Il protezionismo di Trump non sarebbe malvisto da questi potenti invisibili. Lasciate che i servi della passata dottrina strillino che il protezionismo “danneggia il motore della crescita degli ultimi vent’anni”. Essi conoscono il piccolo inconfessato segreto: il commercio mondiale è bloccato da mesi.
A Little-Noticed Fact About Trade: It’s No Longer Rising
Le compagnie armatoriali falliscono, con le navi da trasporto ferme davanti ai porti, troppe per il commercio globale che, nel primo trimestre del 2016, è stato piatto, e nel secondo è sceso di -0,8 per cento. Il valore totale dell’import-export americano è caduto di 200 miliardi di dollari nel 2015, e di 470 milioni nei primi sette mesi del 2016. Insomma, i “vantaggi competitivi” della ricerca del basso costo di lavoro sono arrivati al capolinea. Lorsignori ne hanno tratto tutto il possibile, oggi la nuova normalità sarà: reindustrializzazione, autarchia energetica (torna il carbone, industria che stava licenziando decine di migliaia di minatori votanti per Trump), infrastrutture da ricostruire, “pace e lavoro”. E fuori gli immigrati che portano via i posti agli americani.
Attenzione a credere che sia una evocazione a modelli sociali dell’Europa anni ’30, o anche rooseveltiani e keynesiani. Sarà piuttosto, temo, un cambiamento basato sulle dottrine di Ayn Rand (nata Alisa Rozenbaum in Russia: “Tra tutti i Paesi della Terra, quello meno adeguato per una sostenitrice dell’individualismo »), la pensatrice dell’egoismo razionale. Trovate l’essenziale su Wikipedia. Ayn Rand predicava che “l’individuo fosse dotato di un diritto di esistere fine a se stesso, che non prevede né il sacrificio di se stesso a beneficio degli altri, né il sacrificio di nessun altro a suo vantaggio; e nessuno avesse il diritto di esigere il rispetto dei propri valori da parte di altri tramite la forza fisica, o di imporre idee agli altri tramite la forza fisica”.

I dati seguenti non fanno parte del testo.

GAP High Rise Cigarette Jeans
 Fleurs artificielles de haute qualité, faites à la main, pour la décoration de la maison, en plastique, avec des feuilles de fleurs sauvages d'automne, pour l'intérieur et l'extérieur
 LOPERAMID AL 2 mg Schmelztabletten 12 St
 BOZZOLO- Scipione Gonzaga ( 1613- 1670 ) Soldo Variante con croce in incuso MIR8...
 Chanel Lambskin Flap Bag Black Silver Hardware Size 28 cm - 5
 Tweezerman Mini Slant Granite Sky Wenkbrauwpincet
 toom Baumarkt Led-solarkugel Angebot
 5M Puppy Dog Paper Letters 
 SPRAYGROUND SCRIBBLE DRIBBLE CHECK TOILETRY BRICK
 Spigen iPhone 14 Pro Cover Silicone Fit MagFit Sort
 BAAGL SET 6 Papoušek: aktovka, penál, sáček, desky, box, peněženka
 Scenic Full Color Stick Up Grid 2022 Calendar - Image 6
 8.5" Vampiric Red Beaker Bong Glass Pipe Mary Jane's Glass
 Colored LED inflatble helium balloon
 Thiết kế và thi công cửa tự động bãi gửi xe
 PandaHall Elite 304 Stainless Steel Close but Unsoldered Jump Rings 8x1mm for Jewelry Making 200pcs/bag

Da dove ci viene questa sensazione? Perché l’egoismo razionale è la filosofia predicata dall’unico potente che si è messo dalla parte di Trump nello “steering committee” del Bilderberg, e sembra sia uscito vincitore dallo scontro in questo riservatissimo salotto buono senza testimoni : Peter Thiel 48 anni, “ orgoglioso di essere gay”, 2,8 miliardi di dollari fatti come cofondatore di PayPal e tra i primi investitori di Facebook”, contrario all’intervento statale in economia solo quando si tratta di aiutare i poveri, che ha fatto di Ayn Rand la sua filosofa, ed è stato chiamato “il Nietzsche dell’impresa” . Fatene la conoscenza in questo articolo antipatizzante del Corriere del giugno scorso: Thiel il sodomita si scagliava contro la stupidissima questione di quale toilette assegnare ai LGBT, dicendo (non a torto) che altri sono i problemi del paese.
Ma naturalmente è presto per fasciarci la testa, per attribuire a Trump le stesse visioni di Ayn Rand. Per adesso ci rallegri il fatto che, liquidando Hillary, abbiamo rimandato la guerra alla Russia, se non per sempre, per alcuni mesi.